From the first line to the last, copy the material word for word; pictures stay out.

Data excerpt:
● ● ● ●
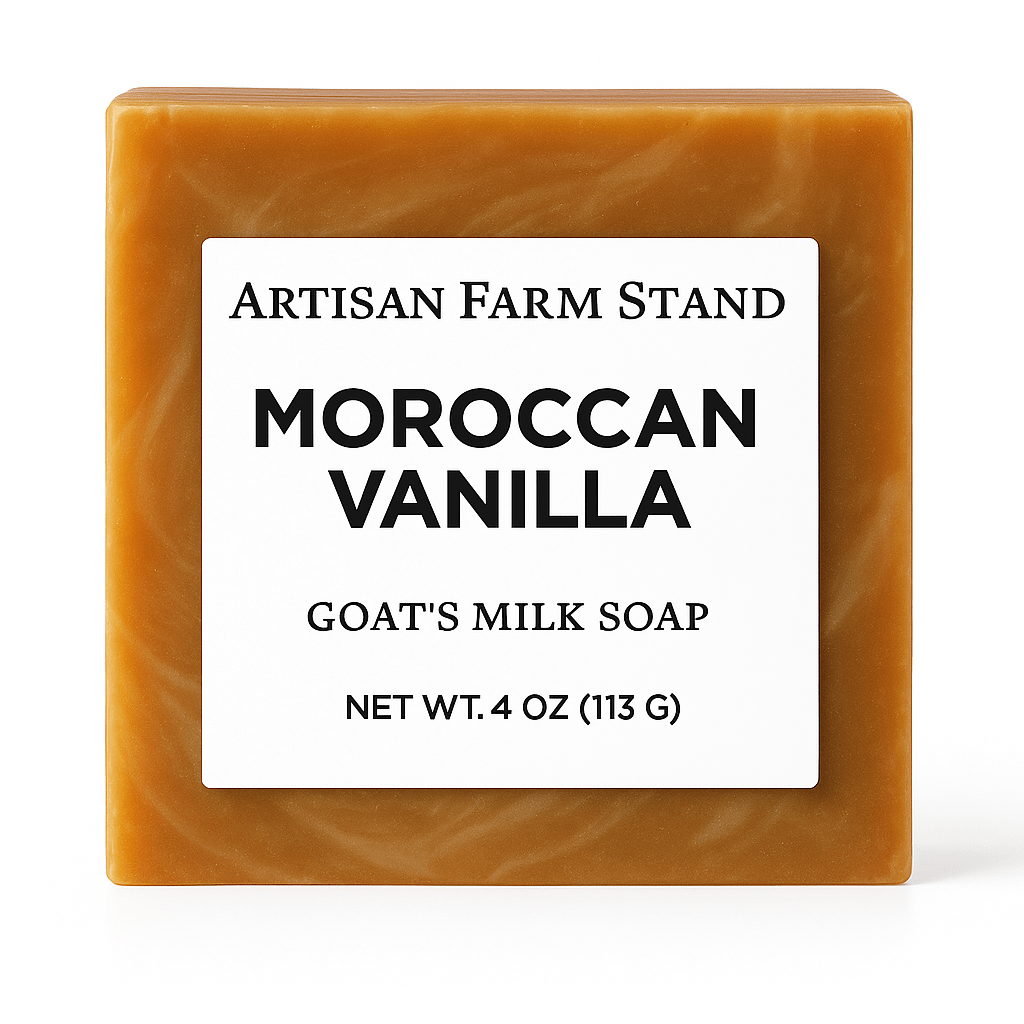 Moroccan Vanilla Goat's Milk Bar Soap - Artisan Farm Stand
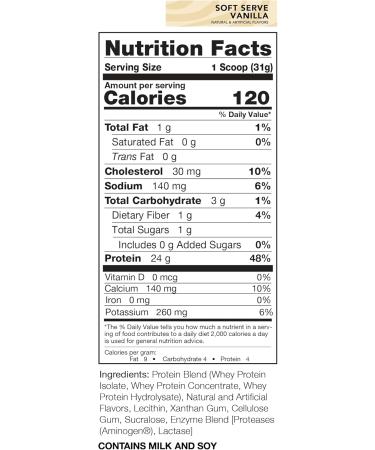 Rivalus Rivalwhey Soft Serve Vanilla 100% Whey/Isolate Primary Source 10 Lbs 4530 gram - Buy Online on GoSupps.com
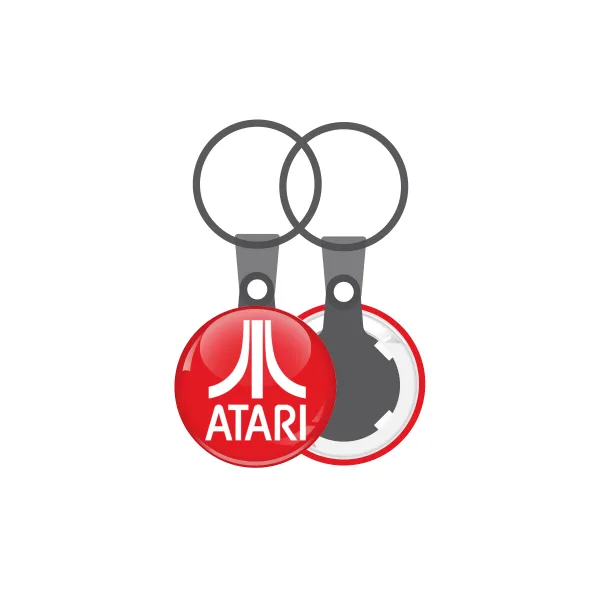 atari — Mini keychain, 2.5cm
● ● ● ●
Result of the exercise:
 Moroccan Vanilla Goat's Milk Bar Soap - Artisan Farm Stand
 Rivalus Rivalwhey Soft Serve Vanilla 100% Whey/Isolate Primary Source 10 Lbs 4530 gram - Buy Online on GoSupps.com
 atari — Mini keychain, 2.5cm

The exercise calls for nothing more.